== Task goal ==
Exactly as they appear, retype the lines from the one containing "photo of Dave Stevens playing baseball" through the final line of the data below. Leave pictures out.

== Data under study ==
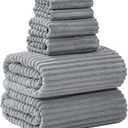 Extra Large Bath Towel Set of 6 (40"x80"),Oversized Bath Sheet Super Soft Highly Absorbent Microfibers Quick Dry Luxury Shower Towel for Bathroom Spa Gym Hotel Yoga (Gray, 6Piece)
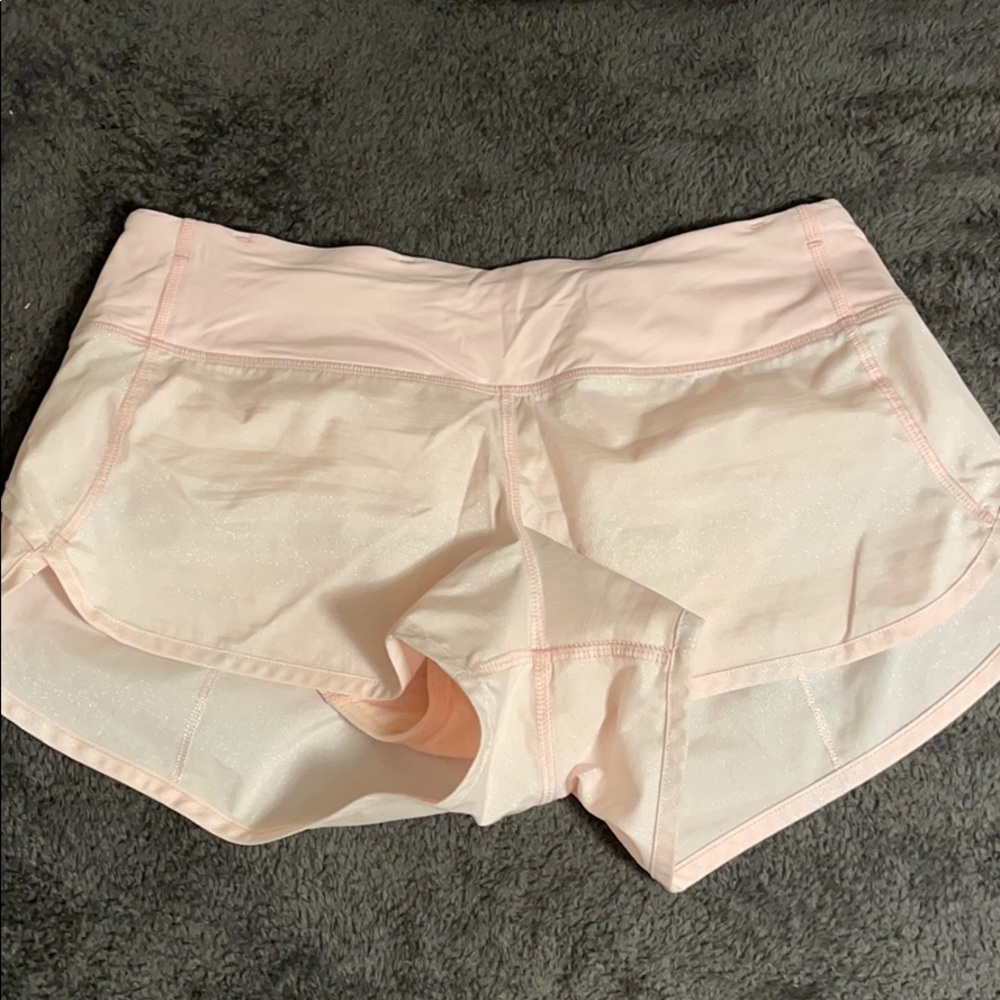 Pale Pink Sparkle Lululemon Shorts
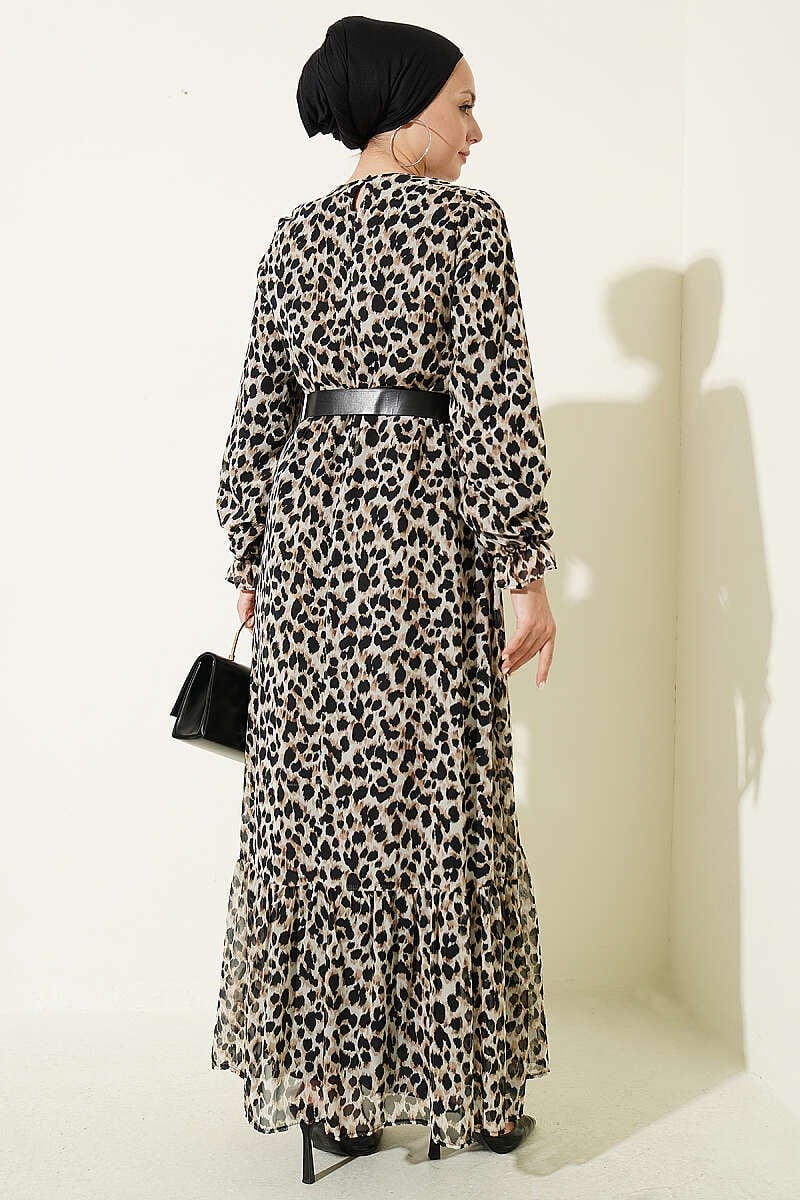 Leopar Desenli Şifon Elbise Siyah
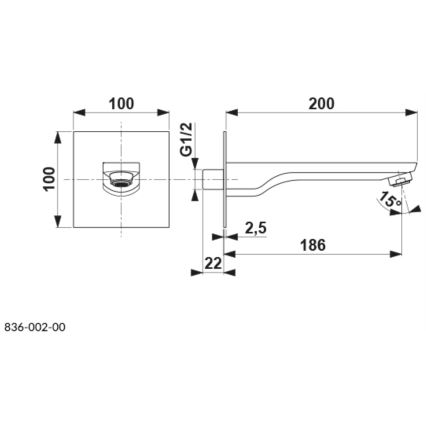 KFA Armatura 836-002-81 - Pip för inbyggd montering MOKAIT mässing/matt svart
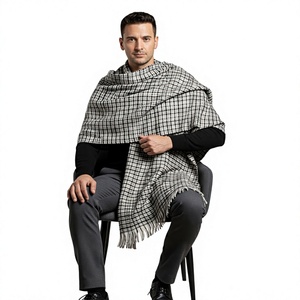Long Fashion Striped <b>Wool</b> Blend Skin-Friendly Breathable Shawl Scarf <b>Poncho</b> Wrap Winter Travel Accessory - Product Image 5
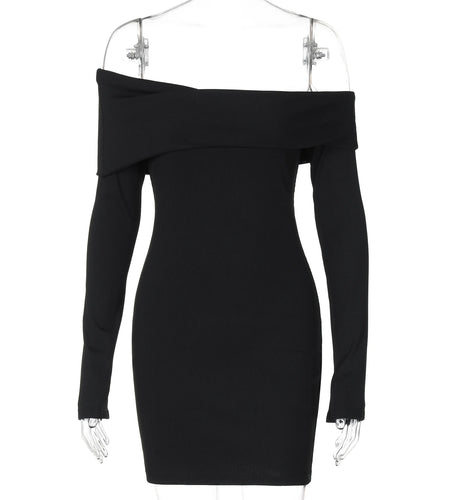 Women Elegant Slash Neck Long Sleeve Backless Sexy Mini Dress Autumn Winter Fashion Outfits Evening Party Birthday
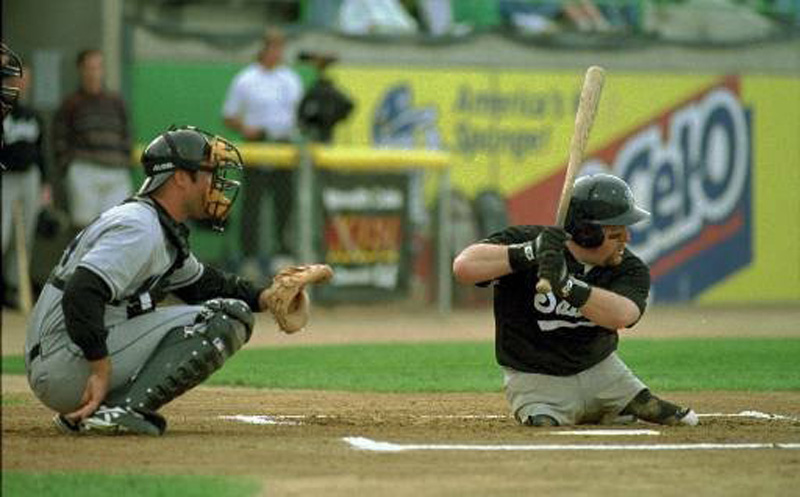 photo of Dave Stevens playing baseball
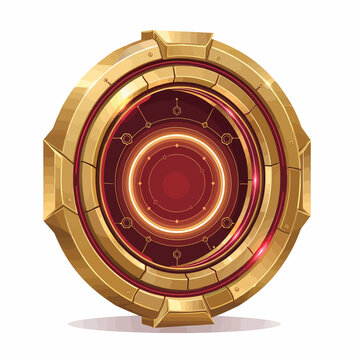 Futuristic Metallic Object Rendering with Glowing Red Center in 3D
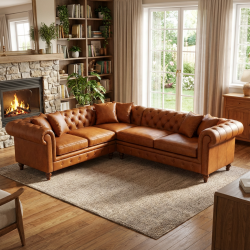 Pluszowa kanapa chesterfield Sara 250x170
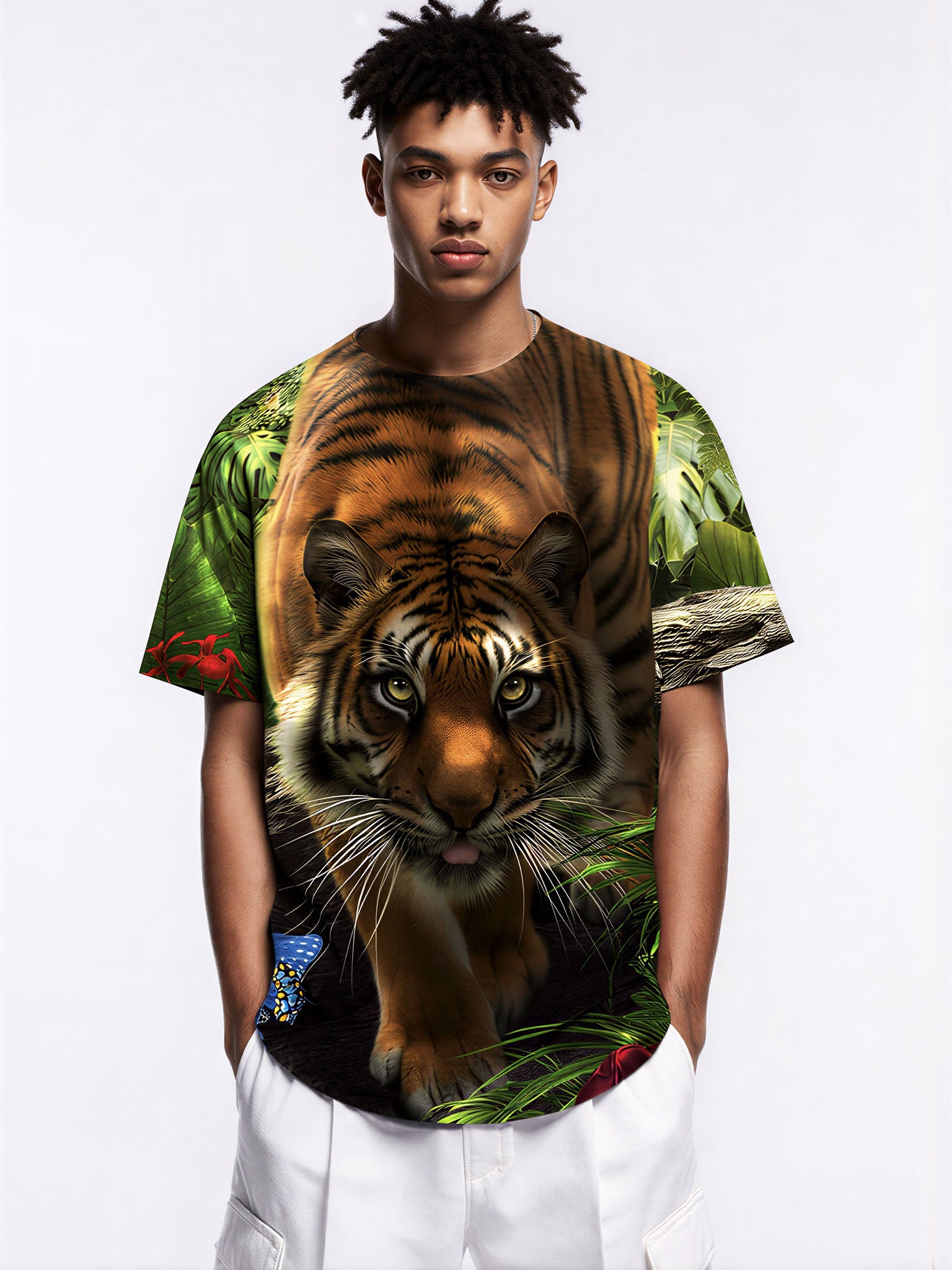 Tiger Jungle 3D All Over Print T-Shirt for Men Women, Wild Animal Graphic Pullover Sweatshirt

== Response box ==
 photo of Dave Stevens playing baseball
 Futuristic Metallic Object Rendering with Glowing Red Center in 3D
 Pluszowa kanapa chesterfield Sara 250x170
 Tiger Jungle 3D All Over Print T-Shirt for Men Women, Wild Animal Graphic Pullover Sweatshirt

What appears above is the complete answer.